You were more likely to survive if you went on the titanic with family

Predicting Who Survived¶

from sklearn.linear_model import LogisticRegression
from sklearn import cross_validation

train_df = pd.read_csv('train.csv')
train_df.describe()

First we have to take care of the nulls and convert our strings to numbers

# Replaicng missing values

# Filling missing values
train_df['Age'] = train_df['Age'].fillna(train_df['Age'].median())
train_df['Fare'] = train_df['Fare'].fillna(train_df['Fare'].median())

# Filling missing with the most common
train_df['Embarked'] = train_df['Embarked'].fillna('S')

# Making Columns

# Gender/Age
train_df['person'] = train_df[['Age','Sex']].apply(male_female_child,axis=1)

train_df['Alone'] = train_df.SibSp + train_df.Parch

# Alone/With Family
index_1 = train_df.Alone > 0
index_2 = train_df.Alone == 0

train_df.loc[index_1, 'Alone'] = 'With Family'
train_df.loc[index_2, 'Alone'] = 'Alone'

# Deck
train_df['Deck'] = new_Cabin
train_df['Deck'] = train_df['Deck'].astype('str')

#############################################################################

# Replacing sex
train_df.loc[train_df['Sex'] == 'male','Sex'] = 0
train_df.loc[train_df['Sex'] == 'female','Sex'] = 1

# Replacing person
train_df.loc[train_df['person'] == 'male','person'] = 0
train_df.loc[train_df['person'] == 'female','person'] = 1
train_df.loc[train_df['person'] == 'child','person'] = 2


# Replacing Location
train_df.loc[train_df['Embarked'] == 'S','Embarked'] = 0
train_df.loc[train_df['Embarked'] == 'C','Embarked'] = 1
train_df.loc[train_df['Embarked'] == 'Q','Embarked'] = 2

# Replace Alone
train_df.loc[train_df['Alone'] == 'With Family','Alone'] = 0
train_df.loc[train_df['Alone'] == 'Alone','Alone'] = 1

# Replace Deck 'A','B','C','D','E','F','G', 'T', 'n'
train_df.loc[train_df['Deck'] == 'A','Deck'] = 0
train_df.loc[train_df['Deck'] == 'B','Deck'] = 1
train_df.loc[train_df['Deck'] == 'C','Deck'] = 2
train_df.loc[train_df['Deck'] == 'D','Deck'] = 3
train_df.loc[train_df['Deck'] == 'E','Deck'] = 4
train_df.loc[train_df['Deck'] == 'F','Deck'] = 5
train_df.loc[train_df['Deck'] == 'G','Deck'] = 6
train_df.loc[train_df['Deck'] == 'T','Deck'] = 7
train_df.loc[train_df['Deck'] == 'n','Deck'] = 7

predictors = ['Pclass', 'Sex', 'Age', 'SibSp', 'Parch', 'Fare', 'Embarked', 'person', 'Alone', 'Deck']

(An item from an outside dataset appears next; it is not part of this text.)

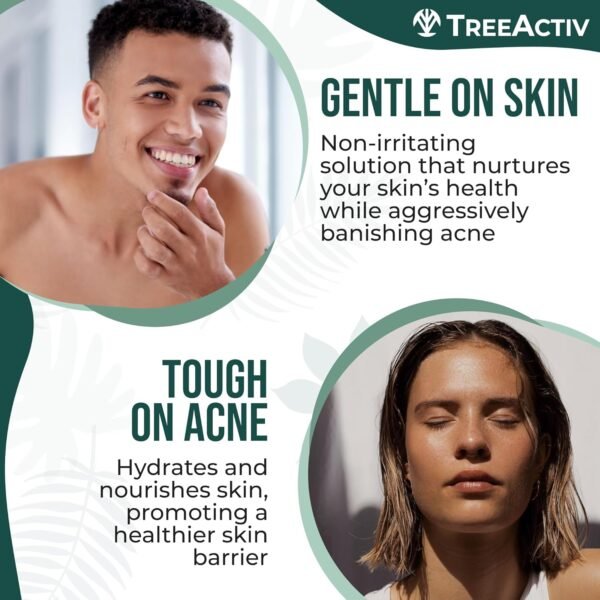 TreeActiv Salicylic Acid Cystic Acne Spot Treatment, 0.5 fl oz, Acne Treatment for Face, Acne Spot Cream, Hormonal Acne Treatment, Acne Spot Treatment for Face and Body, Acne Cream for Teens & Adults - Image 5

alg = LogisticRegression(random_state=1)
scores = cross_validation.cross_val_score(alg, train_df[predictors], train_df['Survived'], cv=3)

print(scores.mean())

0.806958473625

# Test Data

test_df = pd.read_csv('test.csv')

# Replaicng missing values

# Filling missing values
test_df['Age'] = test_df['Age'].fillna(train_df['Age'].median())
test_df['Fare'] = test_df['Fare'].fillna(train_df['Fare'].median())

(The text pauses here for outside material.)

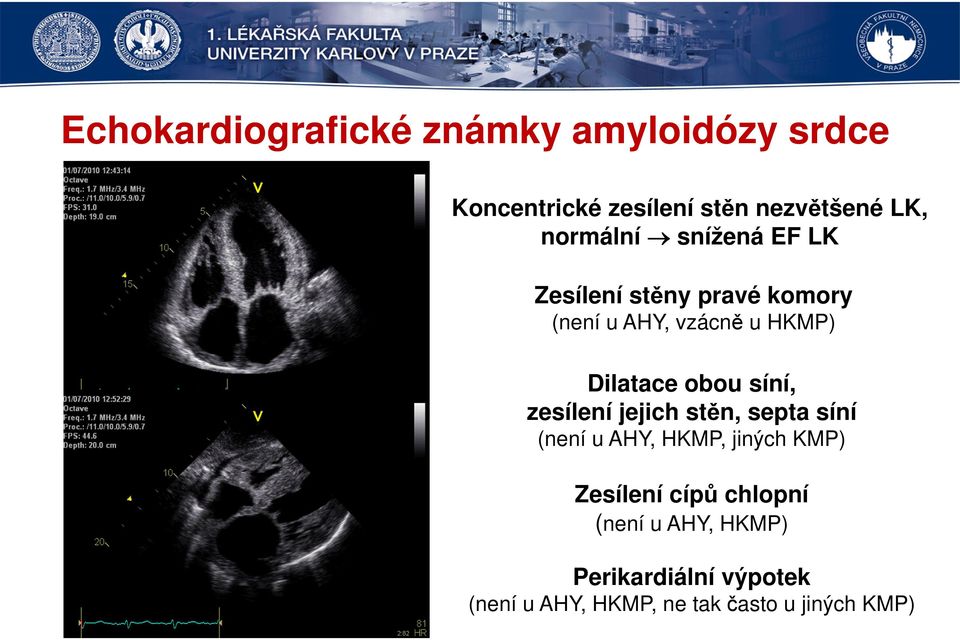 obou síní, zesílení jejich stěn, septa síní (není u AHY, HKMP, jiných KMP) Zesílení cípů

# Filling missing with the most common
test_df['Embarked'] = test_df['Embarked'].fillna('S')

test_cabin = test_df["Cabin"].astype(str)

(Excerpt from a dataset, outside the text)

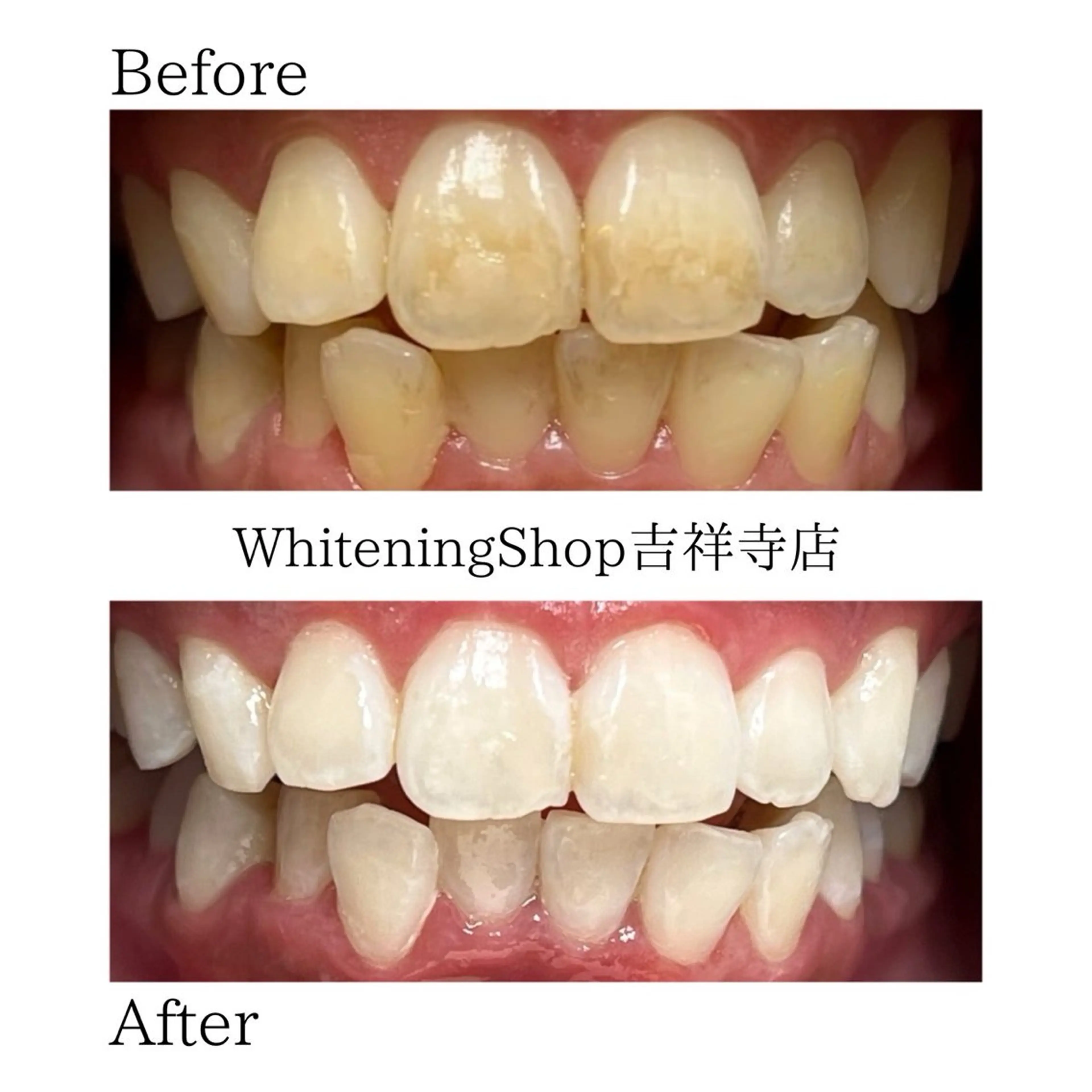 エステ リラク ホワイトニング ショップ吉祥寺店のエステ・リラクイメージ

test_Cabin = np.array([cabin[0] for cabin in test_cabin])

test_Cabin = pd.Categorical(test_Cabin)

# Making Columns
test_df['person'] = test_df[['Age','Sex']].apply(male_female_child,axis=1)

test_df['Alone'] = test_df.SibSp + test_df.Parch

index_1 = test_df.Alone > 0
index_2 = test_df.Alone == 0

test_df.loc[index_1, 'Alone'] = 'With Family'
test_df.loc[index_2, 'Alone'] = 'Alone'

test_df['Deck'] = test_Cabin
test_df['Deck'] = test_df['Deck'].astype('str')

# Replacing sex
test_df.loc[test_df['Sex'] == 'male','Sex'] = 0
test_df.loc[test_df['Sex'] == 'female','Sex'] = 1

# Replacing person
test_df.loc[test_df['person'] == 'male','person'] = 0
test_df.loc[test_df['person'] == 'female','person'] = 1
test_df.loc[test_df['person'] == 'child','person'] = 2


# Replacing Location
test_df.loc[test_df['Embarked'] == 'S','Embarked'] = 0
test_df.loc[test_df['Embarked'] == 'C','Embarked'] = 1
test_df.loc[test_df['Embarked'] == 'Q','Embarked'] = 2

# Replace Alone
test_df.loc[test_df['Alone'] == 'With Family','Alone'] = 0
test_df.loc[test_df['Alone'] == 'Alone','Alone'] = 1

# Replace Deck 'A','B','C','D','E','F','G', 'T', 'n'
test_df.loc[test_df['Deck'] == 'A','Deck'] = 0
test_df.loc[test_df['Deck'] == 'B','Deck'] = 1
test_df.loc[test_df['Deck'] == 'C','Deck'] = 2
test_df.loc[test_df['Deck'] == 'D','Deck'] = 3
test_df.loc[test_df['Deck'] == 'E','Deck'] = 4
test_df.loc[test_df['Deck'] == 'F','Deck'] = 5
test_df.loc[test_df['Deck'] == 'G','Deck'] = 6
test_df.loc[test_df['Deck'] == 'T','Deck'] = 7
test_df.loc[test_df['Deck'] == 'n','Deck'] = 7

# Predict Test values

alg.fit(train_df[predictors],train_df['Survived'])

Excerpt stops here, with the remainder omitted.